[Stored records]
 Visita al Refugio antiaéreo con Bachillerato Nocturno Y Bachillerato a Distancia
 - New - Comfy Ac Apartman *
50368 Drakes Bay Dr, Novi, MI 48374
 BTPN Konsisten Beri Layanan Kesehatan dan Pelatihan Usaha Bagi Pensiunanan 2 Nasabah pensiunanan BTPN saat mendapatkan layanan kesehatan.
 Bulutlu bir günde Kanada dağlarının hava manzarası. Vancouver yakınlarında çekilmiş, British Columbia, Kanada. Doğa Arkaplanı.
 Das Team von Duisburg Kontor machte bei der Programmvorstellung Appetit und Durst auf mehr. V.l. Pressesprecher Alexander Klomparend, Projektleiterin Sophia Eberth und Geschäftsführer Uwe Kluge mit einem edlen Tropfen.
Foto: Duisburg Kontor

• [Task goal]
Take the records above and return, word for word, only the lines that fall from the line with "- New - Comfy Ac Apartman *" to the line with "Bulutlu bir günde", both of them included.

• [Result]
 - New - Comfy Ac Apartman *
50368 Drakes Bay Dr, Novi, MI 48374
 BTPN Konsisten Beri Layanan Kesehatan dan Pelatihan Usaha Bagi Pensiunanan 2 Nasabah pensiunanan BTPN saat mendapatkan layanan kesehatan.
 Bulutlu bir günde Kanada dağlarının hava manzarası. Vancouver yakınlarında çekilmiş, British Columbia, Kanada. Doğa Arkaplanı.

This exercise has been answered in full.